Albin: But just looking back over that period of time [since Ehlers’ vote authorizing the use of force in 2002], how much differently has this [the war] played out than you had hoped it would?
Ehlers: Very differently and precisely the wrong way from my perspective. And I’m not here to blast any particular group or person except for one person, because I argued directly with him, and that’s Mr. Paul Wolfowitz, who has been in the headlines lately for problems he’s having in the World Bank, his new job. He was second in command of the Pentagon and they would come in, give us briefings about the plans and so forth, and I talked to him twice after these briefings because I have lived abroad and I know how different cultures are in different countries and I didn’t see that he or anyone else in the Pentagon really understood the mentality of the Iraqi people, of the Arab people, and how they view this. And I, after one presentation, I said “Paul, I know that you can go in with the limited troops that you have, I know you can overthrow Saddam Hussein, and get him out of power, but what then?” And his answer just shocked me. He said, “Well, they’ll just be so happy to see us, so happy to get rid of Saddam Hussein, they’ll welcome us, we’ll just put together a new government, and we’ll leave.” And I said, “where’s the money going to come from for this?” And he said “From the oil revenues.” And I said to his face, twice, “You are incredibly naive, it just doesn’t happen that way when you invade another country, you know, you have to understand the culture of the people.”
Despite making these criticisms privately in 2003, in public Ehlers was a consistent supporter of the war, raising the prospect of a nuclear explosion over Calder Plaza that could kill 300,000 West Michigan residents. He voted to send the United States to Iraq in October of 2002, and in January of 2003, told the Grand Rapids Press that he predicated his vote “on whether he’s [Saddam Hussein] is likely to produce weapons of mass destruction.” With no weapons of mass destruction found, Ehlers has never publicly questioned the rationale for the war or commented on the intelligence distortions. Furthermore, Albin never brought up Ehlers’ voting record or his statements in support of the war.

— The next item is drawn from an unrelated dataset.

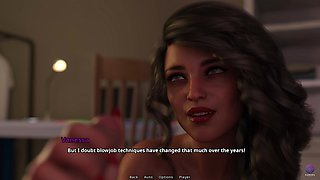 Stepson Fucked His Stepmom's Wet Pussy & tight ass- 3D Hentai Animated Porn - Family Crush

Instead, Ehlers has defended the Bush administration’s Iraq policy. While he criticized Wolfowitz and the pre-war planning on “To the Point,” he had little criticism of the Bush administration’s policy. Ehlers defended “the surge,” responding to a question about its likely effectiveness by stating that he likes General Petraeus and his plan, stating that Petraeus is “working hard at improving the life for the Iraqis as a whole.” Ehlers offered no proof that this is the case, and host Rick Albin did not not ask for any proof, despite the fact that numerous reports have questioned the effectiveness of “the surge” and its ability to stabilize the country.

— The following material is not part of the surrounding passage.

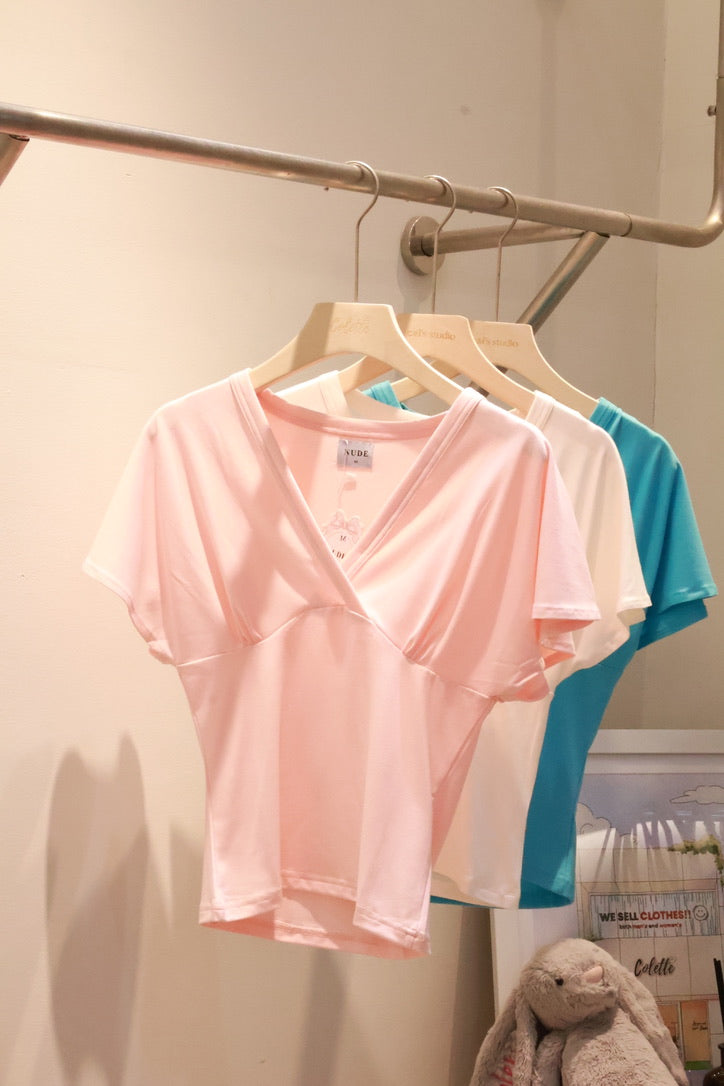 NUDETHELABEL CUPID TOP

Ehlers once again asserted his belief that the United States cannot leave Iraq, but put a new spin on it when he explained that the United States has a moral obligation to stabilize Iraq. According to Representative Ehlers:
I think the basic issue is what is our responsibility to Iraq and to the Iraqi people. As far as I am concerned, we have gone in, we have made a huge mess, we’ve put a lot of people in danger, I think it is immoral for us to just say “ok, sorry, we’ve made a mess, your life is in danger but we’re going to leave, we can’t deal with it.” I think we have a moral obligation to try to stabilize the country, try to get a government established before we pull out.
Ehlers was not asked about whether or not the United States presence is driving much of the violence in Iraq, an argument that has been made frequently by those studying the motivations of the Iraqi insurgency. Additionally, while Ehlers is correct to assert that the United States has a responsibility to the Iraqi people, which it has as an occupying force under international law. However, Ehlers ignored the bigger question of what the United States’ legal obligations are in Iraq. Ehlers also argued that militarily it would not make sense to leave Iraq by announcing a withdrawal date because the enemy would “just wait us out, watch us leave, wave goodbye, and do their mischief.” Albin failed to follow up on who exactly “the enemy” is, although later in the program Ehlers mentioned “Islamic jihadists” and asserted that the United States’ presence in Iraq is “a huge issue as to how we are going to relate to the Middle East.”